I'm afraid you have misunderstood. PCRE's POSIX API is just that: it
uses the POSIX function calls regcomp() and regex() as an interface to
the PCRE library. The "posix" modifier in pcre2test causes it to test
these functions. However, using these functions does not imply POSIX
pattern matching, though there are some options that change PCRE's
behaviour. The documentation says "It is not possible to get PCRE2 to
obey POSIX semantics, but then PCRE2 was never intended to be a POSIX
engine." and also "The default POSIX newline handling can be obtained by
setting PCRE2_DOTALL and PCRE2_DOLLAR_ENDONLY, but there is no way to
make PCRE2 behave exactly as for the REG_NEWLINE action."

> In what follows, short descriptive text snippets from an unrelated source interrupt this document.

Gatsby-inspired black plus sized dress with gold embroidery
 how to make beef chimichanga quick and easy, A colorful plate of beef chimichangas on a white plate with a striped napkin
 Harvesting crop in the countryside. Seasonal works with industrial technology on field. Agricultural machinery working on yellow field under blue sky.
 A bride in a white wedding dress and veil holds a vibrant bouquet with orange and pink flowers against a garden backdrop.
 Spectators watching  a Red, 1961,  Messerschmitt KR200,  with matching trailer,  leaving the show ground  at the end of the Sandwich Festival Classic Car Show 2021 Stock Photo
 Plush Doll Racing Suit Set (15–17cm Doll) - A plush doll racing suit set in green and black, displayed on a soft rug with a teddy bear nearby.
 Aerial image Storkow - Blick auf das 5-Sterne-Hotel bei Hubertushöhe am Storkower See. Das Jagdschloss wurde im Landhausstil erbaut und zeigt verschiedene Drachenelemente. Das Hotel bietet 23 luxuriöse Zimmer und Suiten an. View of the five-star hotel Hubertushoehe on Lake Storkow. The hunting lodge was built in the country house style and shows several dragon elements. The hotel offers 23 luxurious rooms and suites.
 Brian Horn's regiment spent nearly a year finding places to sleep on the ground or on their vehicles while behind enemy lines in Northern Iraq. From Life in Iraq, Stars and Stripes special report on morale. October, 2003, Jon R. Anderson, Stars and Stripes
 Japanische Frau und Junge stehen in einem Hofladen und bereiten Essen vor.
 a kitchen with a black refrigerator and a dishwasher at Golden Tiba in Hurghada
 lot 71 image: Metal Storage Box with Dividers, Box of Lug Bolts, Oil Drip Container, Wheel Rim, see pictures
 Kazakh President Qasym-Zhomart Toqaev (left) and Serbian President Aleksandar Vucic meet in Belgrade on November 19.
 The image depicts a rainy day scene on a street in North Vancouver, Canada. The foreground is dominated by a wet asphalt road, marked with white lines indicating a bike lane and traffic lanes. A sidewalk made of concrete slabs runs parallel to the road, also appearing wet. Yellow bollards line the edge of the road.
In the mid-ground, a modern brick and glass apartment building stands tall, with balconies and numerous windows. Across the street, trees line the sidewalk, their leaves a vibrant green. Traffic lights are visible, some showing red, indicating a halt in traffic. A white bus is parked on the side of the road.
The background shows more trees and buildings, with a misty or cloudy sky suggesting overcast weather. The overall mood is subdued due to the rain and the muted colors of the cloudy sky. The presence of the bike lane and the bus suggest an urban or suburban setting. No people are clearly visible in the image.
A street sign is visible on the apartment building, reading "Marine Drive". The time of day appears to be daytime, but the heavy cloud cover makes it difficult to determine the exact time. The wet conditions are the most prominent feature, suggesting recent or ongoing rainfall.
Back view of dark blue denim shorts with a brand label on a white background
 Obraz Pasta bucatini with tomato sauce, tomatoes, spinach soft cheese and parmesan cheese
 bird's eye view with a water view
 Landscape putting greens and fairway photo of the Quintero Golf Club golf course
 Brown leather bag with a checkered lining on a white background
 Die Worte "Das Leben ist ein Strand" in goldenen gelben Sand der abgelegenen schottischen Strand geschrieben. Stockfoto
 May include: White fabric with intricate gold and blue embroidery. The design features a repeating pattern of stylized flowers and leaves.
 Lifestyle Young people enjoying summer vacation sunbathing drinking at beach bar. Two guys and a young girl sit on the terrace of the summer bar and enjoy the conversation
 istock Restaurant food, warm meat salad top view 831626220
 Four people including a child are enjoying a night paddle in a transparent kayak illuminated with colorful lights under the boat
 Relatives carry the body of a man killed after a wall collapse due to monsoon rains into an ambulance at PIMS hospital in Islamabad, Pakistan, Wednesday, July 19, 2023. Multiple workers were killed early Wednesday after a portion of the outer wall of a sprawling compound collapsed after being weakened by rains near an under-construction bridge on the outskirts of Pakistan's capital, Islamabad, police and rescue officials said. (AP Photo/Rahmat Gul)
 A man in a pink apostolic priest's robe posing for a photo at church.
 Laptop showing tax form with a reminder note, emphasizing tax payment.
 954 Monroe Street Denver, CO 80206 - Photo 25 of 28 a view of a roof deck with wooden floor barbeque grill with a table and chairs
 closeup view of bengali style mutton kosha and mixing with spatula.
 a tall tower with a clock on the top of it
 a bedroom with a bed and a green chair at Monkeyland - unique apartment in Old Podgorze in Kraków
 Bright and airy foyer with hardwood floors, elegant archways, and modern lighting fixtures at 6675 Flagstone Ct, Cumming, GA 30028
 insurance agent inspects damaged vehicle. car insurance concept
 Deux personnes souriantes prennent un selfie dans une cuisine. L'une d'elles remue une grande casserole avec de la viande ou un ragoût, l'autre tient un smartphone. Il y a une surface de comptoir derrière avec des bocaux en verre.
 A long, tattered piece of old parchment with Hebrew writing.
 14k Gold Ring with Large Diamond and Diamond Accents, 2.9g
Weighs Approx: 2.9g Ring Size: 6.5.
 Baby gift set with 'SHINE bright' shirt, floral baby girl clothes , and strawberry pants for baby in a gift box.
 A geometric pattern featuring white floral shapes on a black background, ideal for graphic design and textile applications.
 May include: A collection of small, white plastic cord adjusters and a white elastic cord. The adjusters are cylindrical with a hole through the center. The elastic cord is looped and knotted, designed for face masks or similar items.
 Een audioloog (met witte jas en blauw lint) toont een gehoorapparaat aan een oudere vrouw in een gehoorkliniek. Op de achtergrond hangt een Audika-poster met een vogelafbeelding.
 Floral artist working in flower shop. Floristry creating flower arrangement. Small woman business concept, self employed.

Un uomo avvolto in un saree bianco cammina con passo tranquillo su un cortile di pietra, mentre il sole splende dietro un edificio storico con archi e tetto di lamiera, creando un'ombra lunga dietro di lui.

Setting REG_NEWLINE in regcomp() sets PCRE2_MULTILINE when
pcre2_compile() is called. Setting REG_DOTALL sets PCRE2_DOTALL (which
makes '.' match newlines). From pcre2test, using /m sets PCRE2_MULTILINE
(which translates to REG_NEWLINE for the regcomp() call), and /s sets
PCRE2_DOTALL. Setting "posix" just uses the POSIX API; it does not
change matching semantics.

Perhaps the documentation could be made more clear. I will try to do so.

Philip

--
Philip Hazel